▶ [What you need to do] Take the line containing "羊驼绒羊毛中粗毛线团DIY编织" through the last line of the data and retype those lines exactly. Pictures do not belong in the copy.

▶ [Exercise data]

----------------------------------------

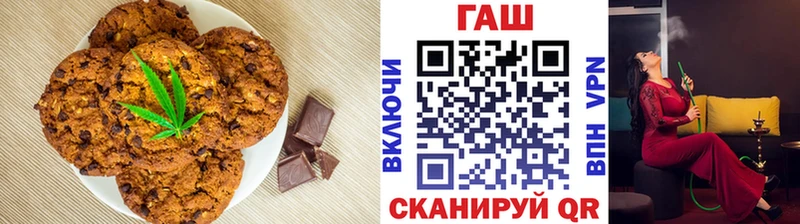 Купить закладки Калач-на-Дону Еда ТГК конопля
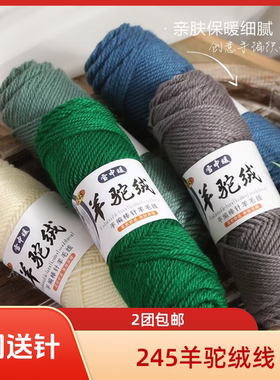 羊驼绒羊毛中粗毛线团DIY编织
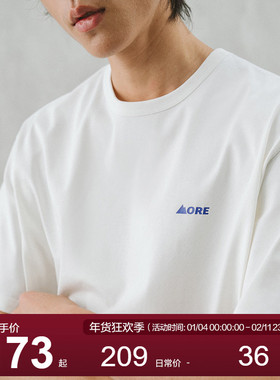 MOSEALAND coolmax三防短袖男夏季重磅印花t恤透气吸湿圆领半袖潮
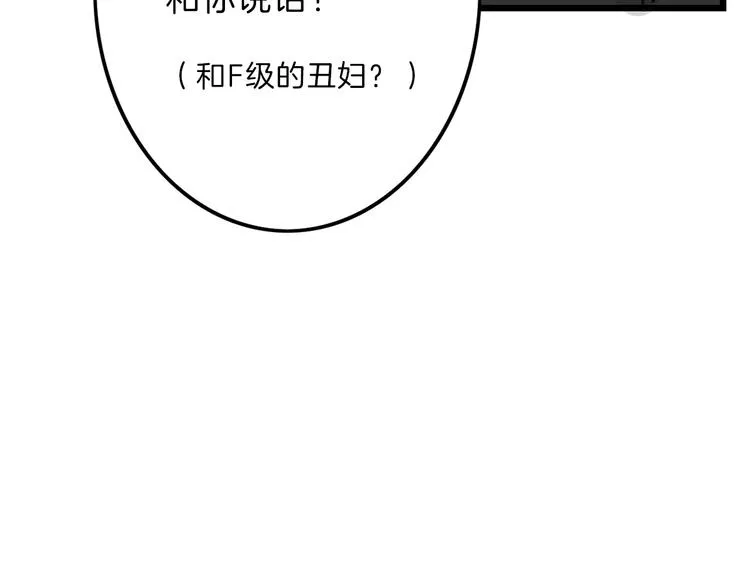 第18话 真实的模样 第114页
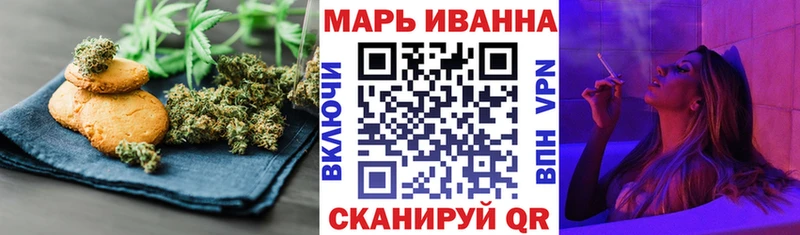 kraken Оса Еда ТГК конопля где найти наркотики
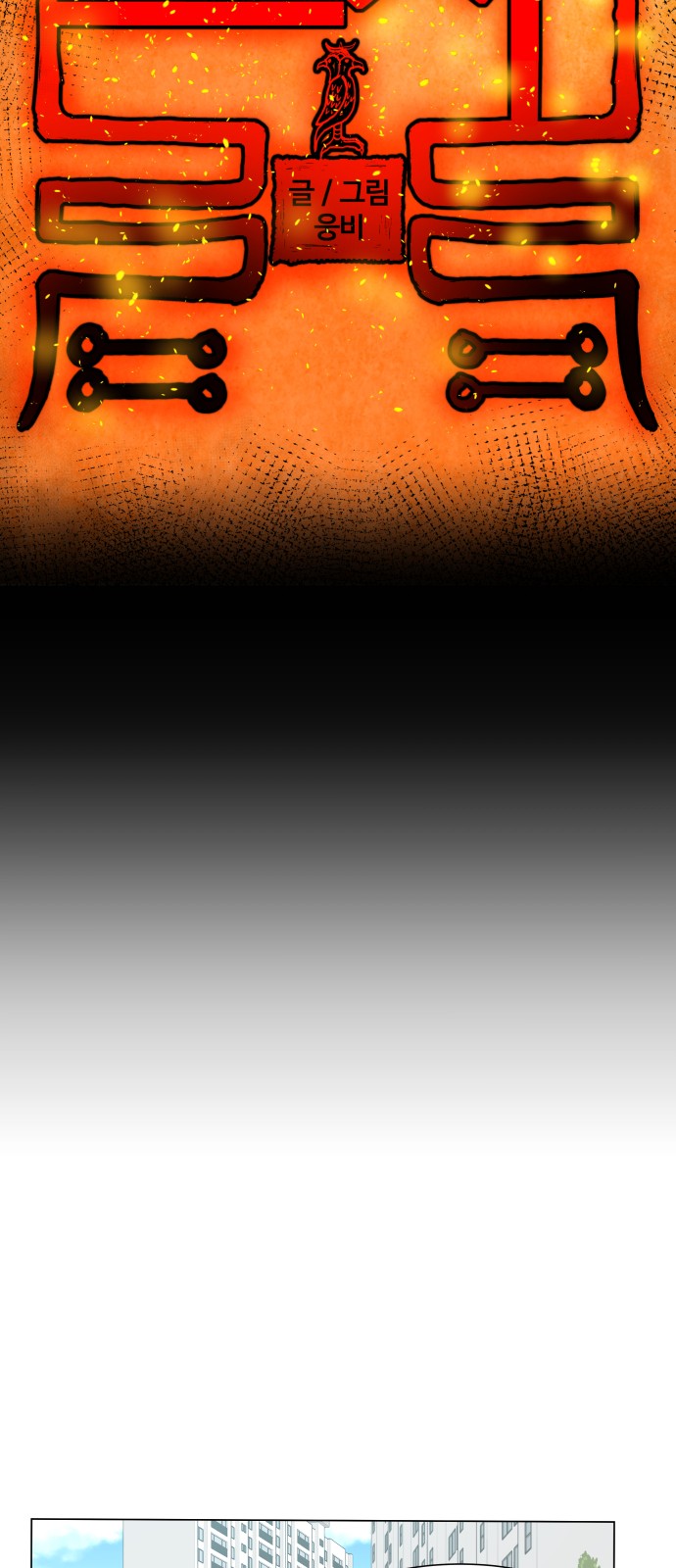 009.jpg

----------------------------------------

▶ [Answer to this task]
 羊驼绒羊毛中粗毛线团DIY编织
 MOSEALAND coolmax三防短袖男夏季重磅印花t恤透气吸湿圆领半袖潮
 第18话 真实的模样 第114页
 kraken Оса Еда ТГК конопля где найти наркотики
 009.jpg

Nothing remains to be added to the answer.